Social media activist and former United National Congress (UNC) government minister Devant Maharaj said he is no longer interested in pursuing the Freedom of Information Act (FOIA) that requested information about the exemption policy, process and who applied.
In fact he said he will not be doing work for the UNC.
Maharaj had sent the FOIA back in July and Wednesday the Permanent Secretary at the Ministry of National Security shut it down.
In a media release, PS Gary Joseph made it very clear that the information being sought was out of bounds.
“The document requested is exempt since its disclosure would involve the unreasonable disclosure of personal information of individuals,” Joseph said in the response.
Joseph also directed Maharaj that if “aggrieved” by the decision, he had three months to apply for a Judicial Review.
“You may also lodge a complaint in writing within 21 days from the date of the notice to the Office of the Ombudsman,” Joseph wrote.
But Maharaj, who was volunteering for the Opposition in July when he sent the request yesterday said he was no longer pursuing the matter.
“I am no longer interested in the UNC and the politics of drunks and deadbeats, pimps and prostitutes,” he said.
Maharaj and his lawyers had already drafted a copy of the Judicial Review document, which would now not be filed.
“There are 19 elected UNC MP’s paid to do a job with staff and resources to assist…I am no longer interested in doing their job,” Maharaj said.
Maharaj openly challenged Opposition leader Kamla Persad-Bissessar for the leadership of UNC during the party’s internal election on December 6.
He dropped out of the race before the day of the election but weeks before blasted Persad-Bissessar on social media and openly called for her to step down as leader.

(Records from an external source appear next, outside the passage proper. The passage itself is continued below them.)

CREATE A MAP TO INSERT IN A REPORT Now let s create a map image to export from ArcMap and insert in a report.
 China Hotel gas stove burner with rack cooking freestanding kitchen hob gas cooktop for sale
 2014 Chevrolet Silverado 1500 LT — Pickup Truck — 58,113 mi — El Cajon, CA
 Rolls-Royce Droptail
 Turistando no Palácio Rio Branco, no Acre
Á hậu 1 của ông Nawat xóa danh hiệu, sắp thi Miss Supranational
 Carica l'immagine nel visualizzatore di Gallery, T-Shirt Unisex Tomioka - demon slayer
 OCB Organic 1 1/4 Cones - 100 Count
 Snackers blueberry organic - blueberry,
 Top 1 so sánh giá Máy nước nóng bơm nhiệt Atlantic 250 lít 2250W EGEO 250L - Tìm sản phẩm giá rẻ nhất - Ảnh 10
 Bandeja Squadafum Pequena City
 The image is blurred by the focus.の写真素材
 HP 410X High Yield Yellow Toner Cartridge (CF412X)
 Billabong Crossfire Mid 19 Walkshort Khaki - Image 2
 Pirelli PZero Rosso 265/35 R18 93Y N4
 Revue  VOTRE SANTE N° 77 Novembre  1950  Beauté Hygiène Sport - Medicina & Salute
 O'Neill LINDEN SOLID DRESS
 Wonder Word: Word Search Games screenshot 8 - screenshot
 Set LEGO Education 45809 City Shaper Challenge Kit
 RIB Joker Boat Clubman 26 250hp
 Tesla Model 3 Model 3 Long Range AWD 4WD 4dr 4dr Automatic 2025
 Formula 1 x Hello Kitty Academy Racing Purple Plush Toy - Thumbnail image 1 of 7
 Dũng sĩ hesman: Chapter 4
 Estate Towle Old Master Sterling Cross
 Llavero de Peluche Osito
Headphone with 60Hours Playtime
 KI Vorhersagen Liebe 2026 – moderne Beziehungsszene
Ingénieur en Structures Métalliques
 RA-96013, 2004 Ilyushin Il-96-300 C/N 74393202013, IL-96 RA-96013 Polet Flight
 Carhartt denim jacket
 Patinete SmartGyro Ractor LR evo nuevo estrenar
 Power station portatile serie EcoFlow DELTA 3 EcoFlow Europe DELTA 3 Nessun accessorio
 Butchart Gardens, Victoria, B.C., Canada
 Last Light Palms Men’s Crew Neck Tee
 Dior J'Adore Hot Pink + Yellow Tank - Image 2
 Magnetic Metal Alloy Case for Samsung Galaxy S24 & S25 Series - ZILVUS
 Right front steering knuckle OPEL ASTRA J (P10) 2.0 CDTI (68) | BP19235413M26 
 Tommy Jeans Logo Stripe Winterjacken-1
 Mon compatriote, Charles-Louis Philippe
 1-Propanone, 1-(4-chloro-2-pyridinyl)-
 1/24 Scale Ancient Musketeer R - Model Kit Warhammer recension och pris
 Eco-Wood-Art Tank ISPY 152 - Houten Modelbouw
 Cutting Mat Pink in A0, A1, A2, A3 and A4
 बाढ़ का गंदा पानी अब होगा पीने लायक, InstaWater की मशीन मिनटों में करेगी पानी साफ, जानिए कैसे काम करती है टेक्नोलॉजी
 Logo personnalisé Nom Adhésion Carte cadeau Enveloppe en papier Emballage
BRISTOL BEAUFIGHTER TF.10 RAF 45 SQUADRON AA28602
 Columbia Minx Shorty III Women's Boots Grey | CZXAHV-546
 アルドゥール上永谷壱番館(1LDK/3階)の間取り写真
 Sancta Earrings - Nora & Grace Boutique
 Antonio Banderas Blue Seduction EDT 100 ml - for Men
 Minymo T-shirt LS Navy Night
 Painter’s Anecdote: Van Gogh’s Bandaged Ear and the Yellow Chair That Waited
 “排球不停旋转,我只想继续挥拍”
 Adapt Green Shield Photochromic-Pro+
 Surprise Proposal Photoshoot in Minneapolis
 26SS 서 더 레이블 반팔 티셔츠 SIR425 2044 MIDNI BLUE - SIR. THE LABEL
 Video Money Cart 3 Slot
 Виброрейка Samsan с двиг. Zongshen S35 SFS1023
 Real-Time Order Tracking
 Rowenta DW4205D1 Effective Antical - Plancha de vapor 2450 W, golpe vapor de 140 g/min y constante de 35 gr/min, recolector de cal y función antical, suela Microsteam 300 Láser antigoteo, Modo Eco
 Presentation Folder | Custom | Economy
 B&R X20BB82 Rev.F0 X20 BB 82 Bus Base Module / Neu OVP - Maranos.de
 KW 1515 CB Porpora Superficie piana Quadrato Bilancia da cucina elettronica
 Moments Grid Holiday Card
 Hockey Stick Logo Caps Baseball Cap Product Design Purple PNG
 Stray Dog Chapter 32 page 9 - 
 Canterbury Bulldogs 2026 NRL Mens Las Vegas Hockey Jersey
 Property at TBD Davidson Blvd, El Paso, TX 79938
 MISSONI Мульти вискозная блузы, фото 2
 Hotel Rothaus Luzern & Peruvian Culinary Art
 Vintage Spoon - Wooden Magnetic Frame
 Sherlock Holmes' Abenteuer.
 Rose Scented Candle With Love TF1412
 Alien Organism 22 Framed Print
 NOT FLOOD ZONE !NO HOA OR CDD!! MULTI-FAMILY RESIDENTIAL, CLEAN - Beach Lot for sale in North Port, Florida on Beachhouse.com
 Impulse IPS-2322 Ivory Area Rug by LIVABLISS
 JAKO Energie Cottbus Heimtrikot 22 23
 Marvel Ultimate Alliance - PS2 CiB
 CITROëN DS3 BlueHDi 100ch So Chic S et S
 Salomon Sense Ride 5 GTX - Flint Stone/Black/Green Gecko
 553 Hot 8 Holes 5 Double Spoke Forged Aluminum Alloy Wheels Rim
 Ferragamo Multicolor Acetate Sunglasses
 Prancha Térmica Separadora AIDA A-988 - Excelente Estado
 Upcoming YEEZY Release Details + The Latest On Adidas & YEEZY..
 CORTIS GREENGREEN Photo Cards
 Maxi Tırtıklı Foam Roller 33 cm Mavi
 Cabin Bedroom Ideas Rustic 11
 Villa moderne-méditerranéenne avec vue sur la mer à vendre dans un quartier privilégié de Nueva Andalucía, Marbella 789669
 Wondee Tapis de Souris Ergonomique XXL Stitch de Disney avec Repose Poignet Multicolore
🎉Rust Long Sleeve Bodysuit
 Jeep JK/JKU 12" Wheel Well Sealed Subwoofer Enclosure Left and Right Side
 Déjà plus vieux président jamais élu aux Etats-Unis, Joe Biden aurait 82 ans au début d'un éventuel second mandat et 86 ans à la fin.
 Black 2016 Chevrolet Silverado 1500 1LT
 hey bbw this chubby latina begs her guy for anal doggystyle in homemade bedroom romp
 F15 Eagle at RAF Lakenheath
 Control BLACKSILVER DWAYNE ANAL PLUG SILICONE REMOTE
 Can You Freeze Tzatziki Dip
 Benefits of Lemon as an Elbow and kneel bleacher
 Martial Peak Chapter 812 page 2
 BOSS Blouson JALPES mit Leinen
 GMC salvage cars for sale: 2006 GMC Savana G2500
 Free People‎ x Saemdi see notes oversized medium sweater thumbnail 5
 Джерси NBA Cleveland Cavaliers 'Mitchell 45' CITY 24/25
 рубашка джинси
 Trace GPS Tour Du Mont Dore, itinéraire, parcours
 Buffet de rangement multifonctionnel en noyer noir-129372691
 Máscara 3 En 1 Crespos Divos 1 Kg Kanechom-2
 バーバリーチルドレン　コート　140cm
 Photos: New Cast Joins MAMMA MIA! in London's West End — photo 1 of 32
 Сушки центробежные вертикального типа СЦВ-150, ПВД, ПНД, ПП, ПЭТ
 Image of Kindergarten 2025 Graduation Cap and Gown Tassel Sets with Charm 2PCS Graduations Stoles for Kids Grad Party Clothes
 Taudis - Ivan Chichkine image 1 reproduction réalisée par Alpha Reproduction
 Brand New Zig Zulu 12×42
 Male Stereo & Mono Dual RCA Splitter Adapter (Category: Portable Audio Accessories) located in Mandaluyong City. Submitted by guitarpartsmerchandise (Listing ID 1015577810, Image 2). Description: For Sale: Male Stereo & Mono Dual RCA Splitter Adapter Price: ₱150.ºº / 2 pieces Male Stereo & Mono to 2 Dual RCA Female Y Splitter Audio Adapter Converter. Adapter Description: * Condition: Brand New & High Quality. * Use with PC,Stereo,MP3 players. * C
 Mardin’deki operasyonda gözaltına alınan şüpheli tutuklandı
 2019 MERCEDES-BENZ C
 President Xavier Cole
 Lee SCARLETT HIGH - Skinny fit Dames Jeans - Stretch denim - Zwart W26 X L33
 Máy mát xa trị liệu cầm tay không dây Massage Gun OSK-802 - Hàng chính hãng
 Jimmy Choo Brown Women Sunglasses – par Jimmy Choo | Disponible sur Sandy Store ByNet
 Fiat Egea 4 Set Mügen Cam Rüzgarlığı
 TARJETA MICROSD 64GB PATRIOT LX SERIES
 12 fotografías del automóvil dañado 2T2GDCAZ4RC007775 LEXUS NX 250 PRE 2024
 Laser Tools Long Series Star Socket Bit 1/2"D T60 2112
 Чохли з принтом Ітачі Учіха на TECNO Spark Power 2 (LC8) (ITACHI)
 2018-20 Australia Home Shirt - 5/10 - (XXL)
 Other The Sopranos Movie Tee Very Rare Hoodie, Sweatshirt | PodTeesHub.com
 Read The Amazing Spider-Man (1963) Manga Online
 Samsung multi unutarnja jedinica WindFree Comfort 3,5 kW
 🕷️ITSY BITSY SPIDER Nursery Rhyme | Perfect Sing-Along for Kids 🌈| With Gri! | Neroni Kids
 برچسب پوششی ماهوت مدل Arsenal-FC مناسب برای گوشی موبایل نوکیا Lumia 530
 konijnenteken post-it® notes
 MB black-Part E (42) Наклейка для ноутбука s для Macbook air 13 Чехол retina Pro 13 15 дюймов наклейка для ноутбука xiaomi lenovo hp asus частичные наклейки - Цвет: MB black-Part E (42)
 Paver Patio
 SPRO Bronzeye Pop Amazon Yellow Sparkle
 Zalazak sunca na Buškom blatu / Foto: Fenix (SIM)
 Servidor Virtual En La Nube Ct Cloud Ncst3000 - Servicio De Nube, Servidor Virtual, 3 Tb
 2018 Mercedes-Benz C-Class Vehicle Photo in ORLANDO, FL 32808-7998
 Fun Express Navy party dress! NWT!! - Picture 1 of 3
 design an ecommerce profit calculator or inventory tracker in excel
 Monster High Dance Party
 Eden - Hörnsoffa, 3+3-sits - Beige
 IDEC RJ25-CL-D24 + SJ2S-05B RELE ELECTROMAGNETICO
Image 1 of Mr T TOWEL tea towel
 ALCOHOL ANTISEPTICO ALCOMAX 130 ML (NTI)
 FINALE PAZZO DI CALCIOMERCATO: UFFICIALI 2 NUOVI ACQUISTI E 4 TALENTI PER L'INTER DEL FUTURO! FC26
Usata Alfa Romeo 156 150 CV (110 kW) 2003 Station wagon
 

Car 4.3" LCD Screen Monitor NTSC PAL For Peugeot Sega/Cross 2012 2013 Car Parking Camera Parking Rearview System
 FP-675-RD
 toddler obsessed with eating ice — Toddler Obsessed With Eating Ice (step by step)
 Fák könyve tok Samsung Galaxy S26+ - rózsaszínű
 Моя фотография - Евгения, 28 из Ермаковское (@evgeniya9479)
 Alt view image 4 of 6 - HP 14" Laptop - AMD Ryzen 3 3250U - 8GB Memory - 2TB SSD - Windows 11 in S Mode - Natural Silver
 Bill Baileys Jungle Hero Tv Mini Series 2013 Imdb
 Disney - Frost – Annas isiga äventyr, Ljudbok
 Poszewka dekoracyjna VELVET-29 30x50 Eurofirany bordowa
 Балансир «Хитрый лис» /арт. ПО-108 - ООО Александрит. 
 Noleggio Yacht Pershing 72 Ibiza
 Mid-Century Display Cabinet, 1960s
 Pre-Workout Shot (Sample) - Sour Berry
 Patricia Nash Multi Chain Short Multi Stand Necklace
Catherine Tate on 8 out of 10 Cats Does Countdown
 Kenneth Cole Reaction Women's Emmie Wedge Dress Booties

According to Maharaj’s FOIA, he sought information on all applications submitted by persons or groups of persons who were granted approval to enter the country by the Minister of National Security as well as a list of people who were granted exemptions.
Maharaj was also provided with a detailed list of the criteria for selection which included persons with critical health issues, persons with newborns or young children and whether the State had the space to house them.